Unable to activate

G

Guest

I have added another drive to my unit through a scisi card, as this is not
the c drive I did not foresee any problems. When I rebooted the system it
told me I have three days to activate "no problem" I thought. When I try to
activate my system nothing happens, the keys on the taskbar disappear but the
wizard does not start, there fore I have no phone numbers to contact. I have
searched the knowledge base and can find no answer to the problem although I
have checked to see if Active Scripting was disabled as suggested in one
article, any ideas please?
 
R

Ron Martell

Mikey said:
I have added another drive to my unit through a scisi card, as this is not
the c drive I did not foresee any problems. When I rebooted the system it
told me I have three days to activate "no problem" I thought. When I try to
activate my system nothing happens, the keys on the taskbar disappear but the
wizard does not start, there fore I have no phone numbers to contact. I have
searched the knowledge base and can find no answer to the problem although I
have checked to see if Active Scripting was disabled as suggested in one
article, any ideas please?

Try repairing the registry entries for the .DLL files used by
activation.

Use Start- Run and enter the following text in the dialog box:
regsvr32.exe regwizc.dll

Then do it again with the following text:
regsvr32.exe licdll.dll

Launch activation manually:
%SYSTEMROOT%\system32\oobe\msoobe.exe /A

Good luck

Ron Martell Duncan B.C. Canada
 
G

Guest

Ron Martell said:
Try repairing the registry entries for the .DLL files used by
activation.

Use Start- Run and enter the following text in the dialog box:
regsvr32.exe regwizc.dll

Then do it again with the following text:
regsvr32.exe licdll.dll

Launch activation manually:
%SYSTEMROOT%\system32\oobe\msoobe.exe /A

Good luck

Ron Martell Duncan B.C. Canada

Cheers for the help, you were spot on with the solution, the licdll.dll file
was missing from the system32 folder.
Windows is now activated
Many thanks
Mike
 
G

Guest

Ron,

Is M$ aware that law abiding paying customers such as Mikey don't have to go
throuigh this routine everytime they decide to change something on their
system. Where is that thingy called freedom and free choice?

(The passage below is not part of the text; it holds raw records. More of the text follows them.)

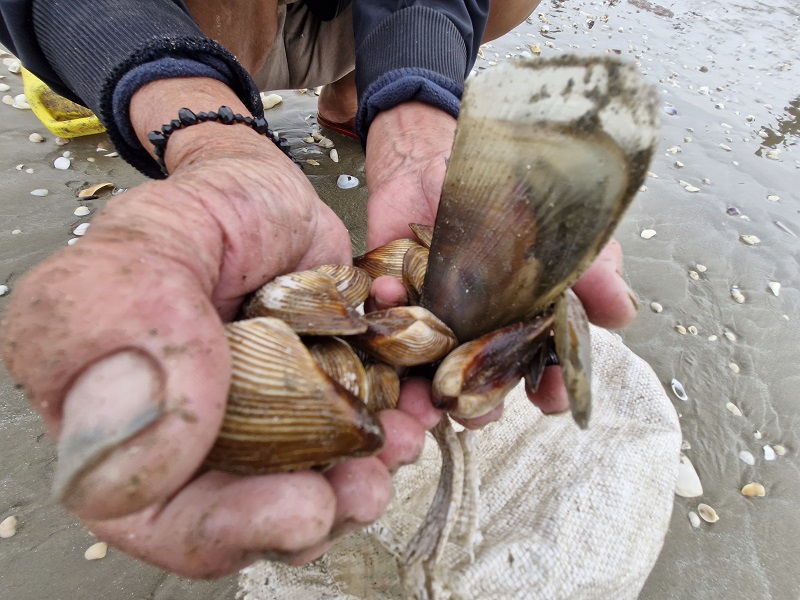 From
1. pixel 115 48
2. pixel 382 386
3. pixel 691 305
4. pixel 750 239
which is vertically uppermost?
pixel 115 48

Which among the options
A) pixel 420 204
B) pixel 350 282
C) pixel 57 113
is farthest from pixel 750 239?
pixel 57 113

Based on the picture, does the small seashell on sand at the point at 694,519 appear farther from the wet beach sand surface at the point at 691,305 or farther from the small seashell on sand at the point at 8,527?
the small seashell on sand at the point at 8,527

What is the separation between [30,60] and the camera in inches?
83.4

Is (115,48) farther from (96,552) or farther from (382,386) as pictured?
(96,552)

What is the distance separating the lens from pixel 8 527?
5.46 feet

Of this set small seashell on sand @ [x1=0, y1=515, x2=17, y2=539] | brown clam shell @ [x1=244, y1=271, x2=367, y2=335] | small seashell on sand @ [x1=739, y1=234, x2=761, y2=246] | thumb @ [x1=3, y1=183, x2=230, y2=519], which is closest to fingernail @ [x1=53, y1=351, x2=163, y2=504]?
thumb @ [x1=3, y1=183, x2=230, y2=519]

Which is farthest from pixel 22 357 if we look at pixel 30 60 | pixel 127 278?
pixel 30 60

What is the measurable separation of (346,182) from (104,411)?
2.87m

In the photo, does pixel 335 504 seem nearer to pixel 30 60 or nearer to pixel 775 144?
pixel 30 60

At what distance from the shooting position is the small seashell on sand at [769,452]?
2.34m

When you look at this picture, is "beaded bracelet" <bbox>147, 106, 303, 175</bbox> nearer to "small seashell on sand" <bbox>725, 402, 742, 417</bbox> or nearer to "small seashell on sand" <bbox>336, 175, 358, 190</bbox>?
"small seashell on sand" <bbox>336, 175, 358, 190</bbox>

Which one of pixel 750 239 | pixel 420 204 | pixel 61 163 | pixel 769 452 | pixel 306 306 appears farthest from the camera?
pixel 750 239

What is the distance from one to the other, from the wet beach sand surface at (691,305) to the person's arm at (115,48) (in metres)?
1.01

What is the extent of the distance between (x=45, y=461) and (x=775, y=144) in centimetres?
611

It is ridiculous to be treated as a criminal when your only crime is to pay
for a new hardware for a system which has legal OS.

I have to say that your instructions are quite good and straight forward.
Easy for novices to follow.

DW
 
R

Ron Martell

floppy removal man said:
Ron,

Is M$ aware that law abiding paying customers such as Mikey don't have to go
throuigh this routine everytime they decide to change something on their
system. Where is that thingy called freedom and free choice?

It is ridiculous to be treated as a criminal when your only crime is to pay
for a new hardware for a system which has legal OS.

I have to say that your instructions are quite good and straight forward.
Easy for novices to follow.

DW

Actually instances that require this fix are relatively rare, and
usually occur because something malfunctioned in some way so that
these .DLL files were never properly registered during the Windows
install or upgrade process; or something deleted or damaged the
registry entries in some way. I would suspect "registry cleaning"
utilities as the most likely culprit for the registry changes but I
have no factual evidence to substantiate this.